Unless you give up Ultimate today and take up Chess, chances are that you will be confronted with an Ultimate injury – either your own, or someone you share a field with.  Being able to prepare yourself for this inevitability and knowing some basic Life Skills and how to act in a moment of crisis will help make you a better team mate, and opponent.

 

Footnotes

  1. MBChB, MSc, DPHIL
  2. MBChB
  3. MBChB, MPH, PhD
  4. BA (Hons) MA LLM PhD  (Please don’t ask me for medical advice. About sex worker access to health care services during the 2010 World Cup, yes, but No to anything to do with medicine)
  5. David I. Swedler, Jamie M. Nuwer, Anna Nazarov, Samantha C. Huo, and Lev Malevanchik “Incidence and Descriptive Epidemiology of Injuries to College Ultimate Players” Journal of Athletic Training 2015 Apr; 50(4): 419–425.
  6. Yen, Leslianne E Gregory, Andrew MD; Kuhn, John E; Markle, Ross M “The Ultimate Frisbee Injury Study: The 2007 Ultimate Players Association College Championships” Clinical Journal of Sport Medicine: July 2010, Vol. 20, Issue 4, pp 300-305
  7. Some warm-up regimens which focus on lower limb strength and flexibility have been shown to be associated with a decreased risk of injury in football.  For example, the “FIFA 11+ [warm-up programme] has demonstrated how a simple exercise program completed as part of warm-up can decrease the incidence of injuries in amateur football players.

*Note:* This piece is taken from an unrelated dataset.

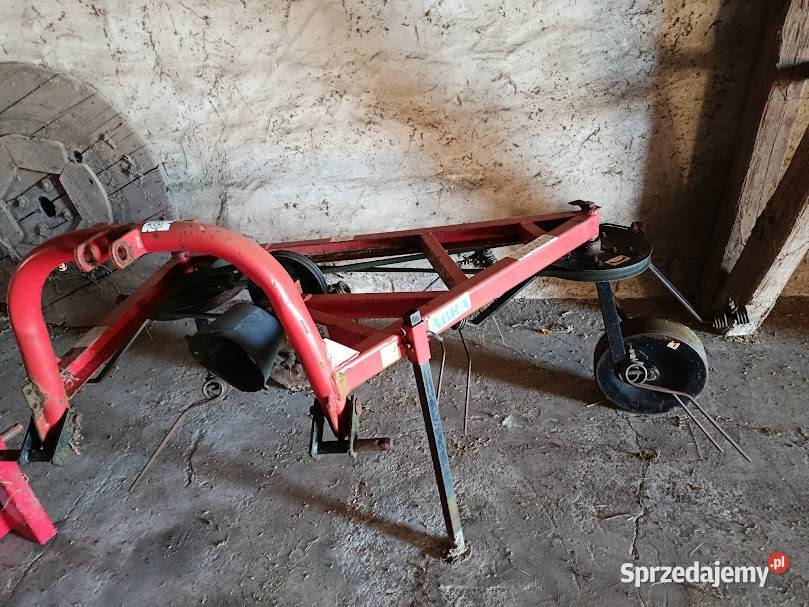 przewracarka do siana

In general, considerable reductions in the number of injured players, ranging between 30% and 70%, have been observed among the teams that implemented the FIFA 11+. In addition, players with high compliance to the FIFA 11+ program had an estimated risk reduction of all injuries by 35%” – Noël C. Barengo, José Francisco Meneses-Echávez, Robinson Ramírez-Vélez, Daniel Dylan Cohen, Gustavo Tovar and Jorge Enrique Correa Bautista “The Impact of the FIFA 11+ Training Program on Injury Prevention in Football Players: A Systematic Review” Int J Environ Res Public Health. 2014 Nov; 11(11): 11986–12000.
  8. Sometimes called a Sixth Sense and refers to “the concept of knowing where your body is in space and the ability to safely manoeuvre around your environment” (From “What is Proprioception and Why is it Important?”)
  9. WFDF Rules of Ultimate, 2017: 19. Stoppages 19.1. Injury Stoppage 19.1.1. An injury stoppage, “Injury”, may be called by the injured player, or by any player on the injured player’s team. 19.1.2. If any player has an open or bleeding wound, an injury stoppage must be called and that player must take an immediate injury substitution and must not rejoin the game until the wound is treated and sealed. 19.1.3. If the injury was not caused by an opponent, the player must choose either to be substituted, or to charge their own team with a Time-Out.  19.1.4. If the injury was caused by an opponent, the player may choose to stay or to be substituted. 19.1.5. If the injured player had caught the disc, and the player has dropped the disc due to the injury, that player retains possession of the disc.  19.1.6. The injury stoppage is considered to have been called at the time of the injury, unless the injured player chooses to continue play before the stoppage is called.  19.1.7. If the disc was in the air when the injury stoppage was called, play continues until either the pass is caught, or the disc hits the ground. If the injury is not the result of a foul, the completion or turnover stands, and play restarts there after the stoppage.